WORK TO BE COMPLETED:
Output only the stretch of the listing that starts at the line containing "Whisky and Gin" and ends at the line containing "2010 JEEP COMPASS", reproduced exactly with both ends.

RECORDS FOR PROCESSING:
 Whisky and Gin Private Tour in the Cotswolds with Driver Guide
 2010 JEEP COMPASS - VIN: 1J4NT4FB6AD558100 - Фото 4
--
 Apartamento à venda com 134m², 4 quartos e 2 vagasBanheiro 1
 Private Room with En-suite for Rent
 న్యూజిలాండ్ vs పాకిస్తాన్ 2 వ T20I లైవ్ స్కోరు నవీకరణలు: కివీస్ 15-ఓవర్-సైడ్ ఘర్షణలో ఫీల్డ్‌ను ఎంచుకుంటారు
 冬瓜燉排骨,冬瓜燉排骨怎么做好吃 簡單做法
...
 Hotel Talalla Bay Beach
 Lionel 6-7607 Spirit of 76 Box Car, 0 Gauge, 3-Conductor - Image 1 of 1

ANSWER SPACE:
 Whisky and Gin Private Tour in the Cotswolds with Driver Guide
 2010 JEEP COMPASS - VIN: 1J4NT4FB6AD558100 - Фото 4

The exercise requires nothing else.